The reading experience in the two apps is quite similar, but here there are some notable differences, too. In both interfaces, you can tap on the screen in order to toggle the display of various reading controls, including text settings, a link to the book's table of contents, and a slider that lets you jump anywhere in the book. The web app displays the black bar at the top of the iPad's screen at all times, showing you the time, your battery status, and wireless connectivity, while the native app only displays that information when you tap to reveal the various page controls. The web app displays most of its menu options via a toolbar that drops down over the top of the page, while the options on the iPad app fade in seamlessly over blank space.
The text options are more limited in the Cloud Reader app: you can choose from five text sizes, while the iPad app gives you six to choose from. (Both apps let you choose from black, white, and sepia color schemes.) Most of the books I read in the native Kindle app feature justified text, but some of the books in the Cloud Reader app appear to display with a ragged right margin. One book I tested, Paolo Bacigalupi's Ship Breaker, appeared justified in the native app and ragged-right in the web app, which I really can't explain.

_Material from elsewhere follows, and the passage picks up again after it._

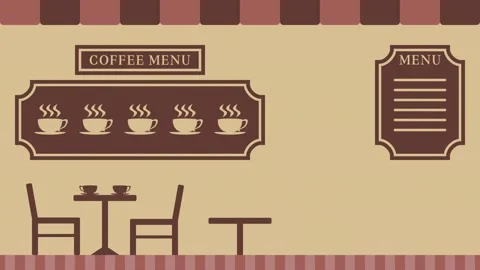 Cafe open Transitions. 1080p - 30 fps - Alpha Channel (1) Stock Footage 280813697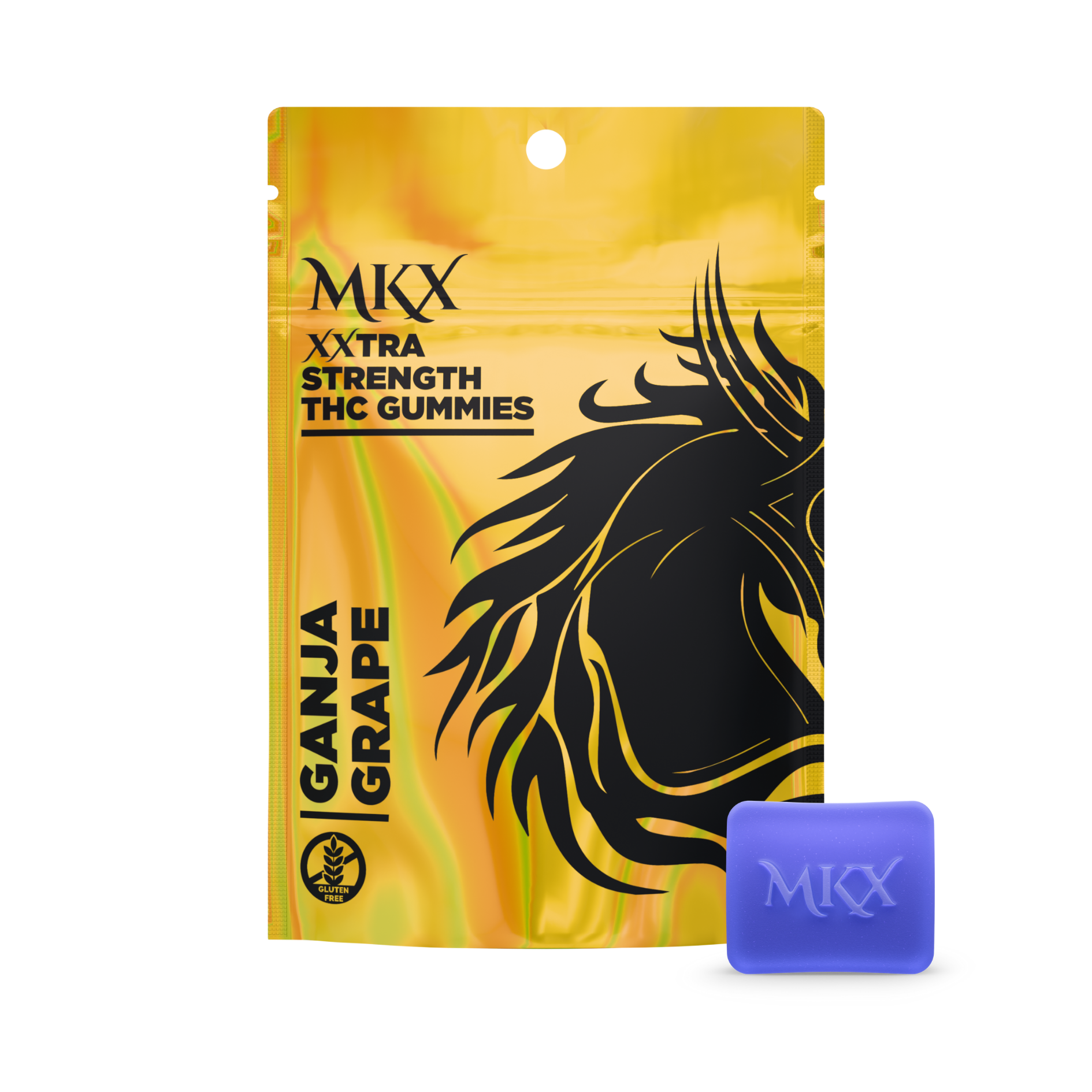Photograph of product: MKX - Gummies 200mg - GANJA GRAPE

The native app can show book text in two separate columns when you rotate the iPad into landscape mode; the Cloud Reader will only show you a single, wider column.
In the native iPad app, you can tap or swipe to change pages. The same gestures work on the Cloud Reader web app. The only difference is in what happens as you make those gestures: the iPad app shows an animation of one page sliding away and another sliding in (and in fact, moves the pages right under your fingers if you choose to swipe from one page to the next). The web app offers no such animation--the new page just appears.

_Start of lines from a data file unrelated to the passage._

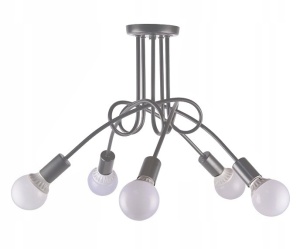 LUSTRA PARADISE GREY JDL-13, 70X70X40, NEGRU, DIN METAL, STIL MODERN, TU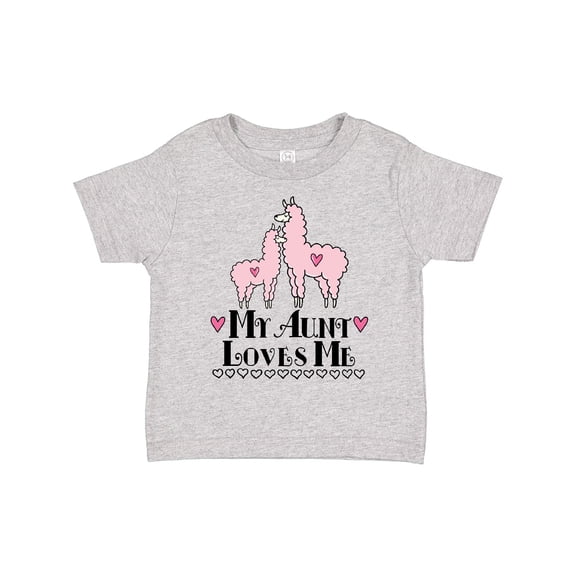 Inktastic Llama Aunt Loves Me Girls Gift Girls Toddler T-Shirt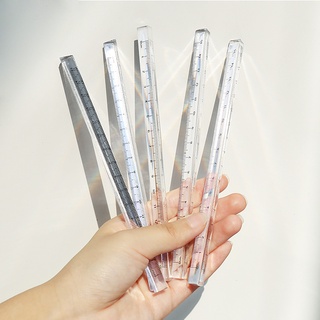 Thước kẻ WINZIGE hình tam giác lập thể đáng yêu dành cho đo lường dài 15cm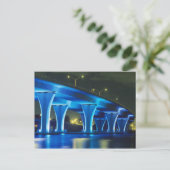 Carte Postale Pont de nuit à Port of Miami, Floride (Debout devant)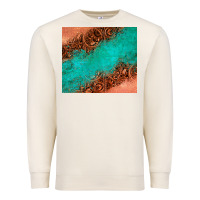 Sandshell leather turquoise glitter tumbler Premium Sweatshirt - Jasminsmagicworld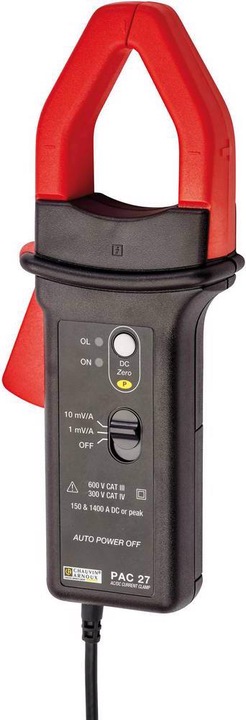 Actual product image Chauvin Arnoux Current clamp adapter PAC series AC/DC current clamps! (CAT III 600V, CAT IV 300V)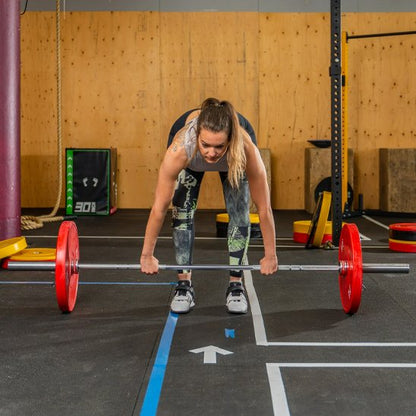 utilisation des poids sur barre de musculation lestée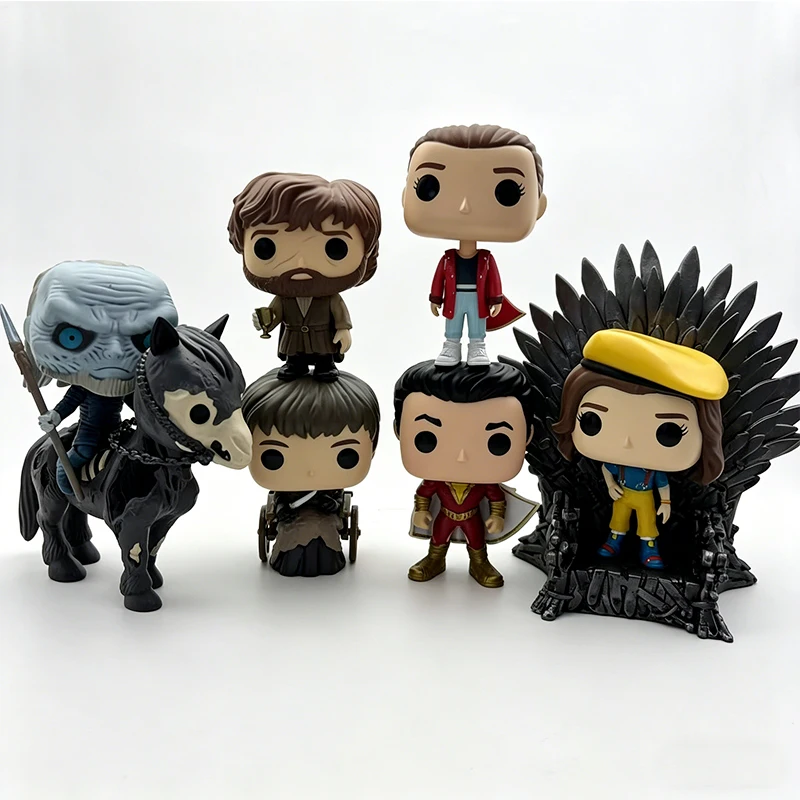 Novos Brinquedos de Anime 2026: Coleção de Modelos Hermione, Night King, Bran, Tyrion Lannister, Eleven, Shazam, Arya Stark e Baby Groot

Amazon allows Kindle users (in both its iOS apps and on its dedicated Kindle devices) to highlight passages in books and make notes about the text. You can even opt to see passages that were highlighted by other readers. The Cloud Reader doesn't support this feature, though its toolbar features a button that lets you view any notes and marks you made elsewhere.
I noticed some lag and delays in the Cloud Reader app as I used it, especially when moving from chapter to chapter. It appears that the tool is doing some very clever things with caching and rendering portions of a book, perhaps one chapter at a time.
In general, the web app reading experience is pretty good. If I didn't have the native iPad app to compare it to, I'd declare it good. But it's not as responsive or smooth as the native app.